- [Task directions]:
The text of every record, exactly as given and with no pictures, should be your output.

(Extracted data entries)
################

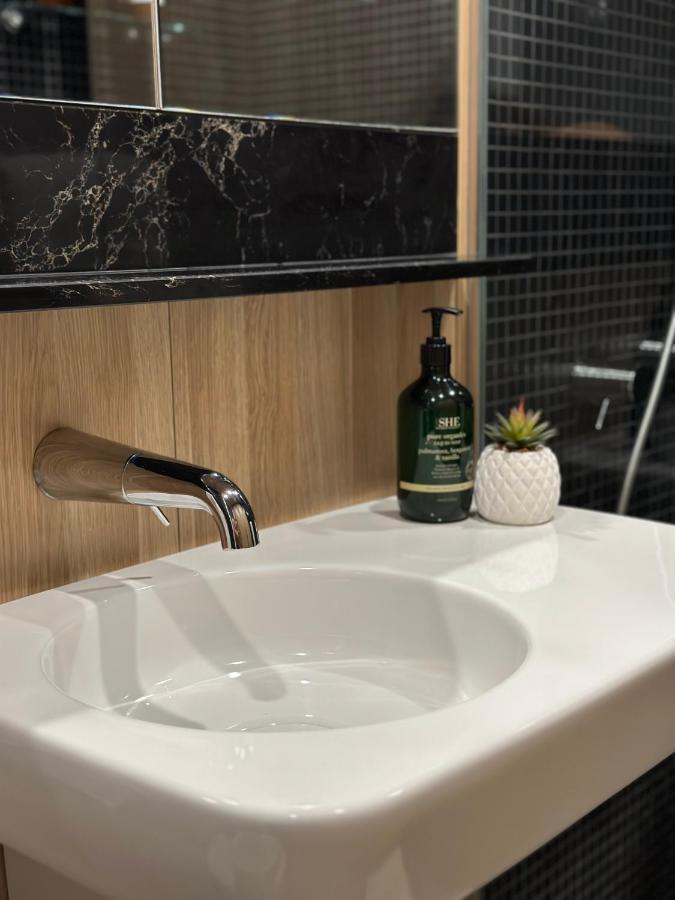 Palko - Luxury In The City Canberra Exteriör bild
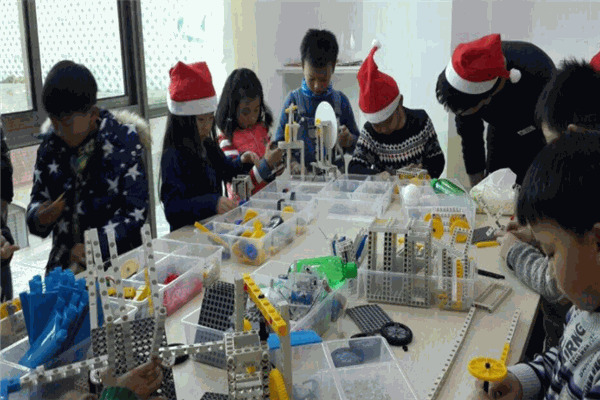 路佰得機(jī)器人培訓(xùn)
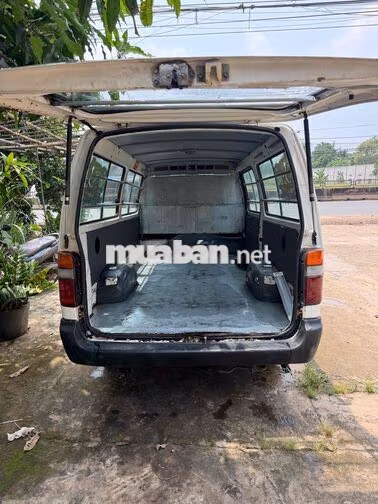 Toyota Hiace 2002 Trắng Sàn Xăng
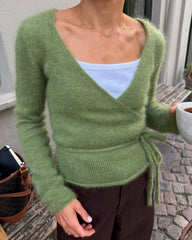 Kvinde iført grøn Lucy Wrap set tæt på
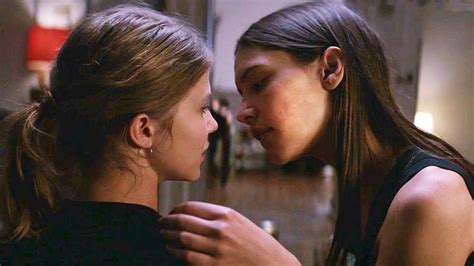 𝒕𝒉𝒆𝒍𝒎𝒂 And 𝒂𝒏𝒋𝒂 Movie Kisses Cute Couples Lesbians Kissing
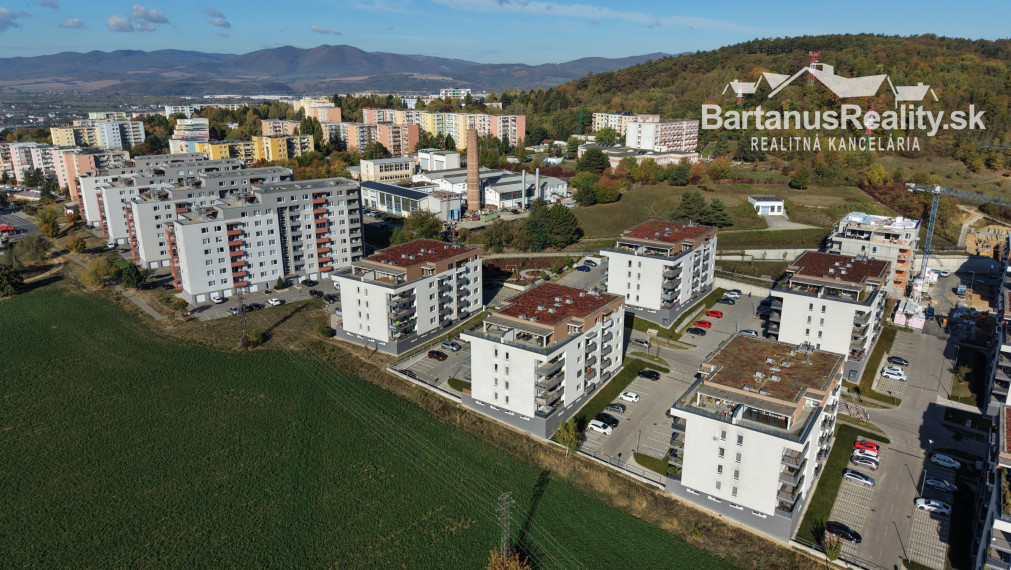 BartanusReality - Na predaj nadštandardný 3-izbový byt o rozlohe 93 m2 s terasou 73 m2 v Trenčíne, sídlisko JUH, ul. Liptovská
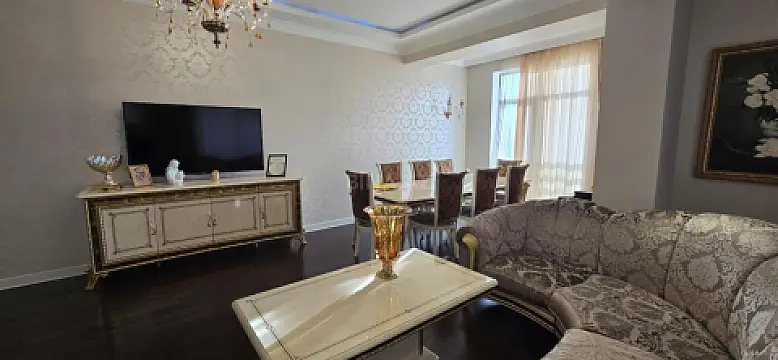 Kirayə verilir 3 otaqlı mənzil 137 m² — Bakı, Nizami 3 otaq 137.00 m²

################

- [Answer area]:
 Palko - Luxury In The City Canberra Exteriör bild
 路佰得機(jī)器人培訓(xùn)
 Toyota Hiace 2002 Trắng Sàn Xăng
 Kvinde iført grøn Lucy Wrap set tæt på
 𝒕𝒉𝒆𝒍𝒎𝒂 And 𝒂𝒏𝒋𝒂 Movie Kisses Cute Couples Lesbians Kissing
 BartanusReality - Na predaj nadštandardný 3-izbový byt o rozlohe 93 m2 s terasou 73 m2 v Trenčíne, sídlisko JUH, ul. Liptovská
 Kirayə verilir 3 otaqlı mənzil 137 m² — Bakı, Nizami 3 otaq 137.00 m²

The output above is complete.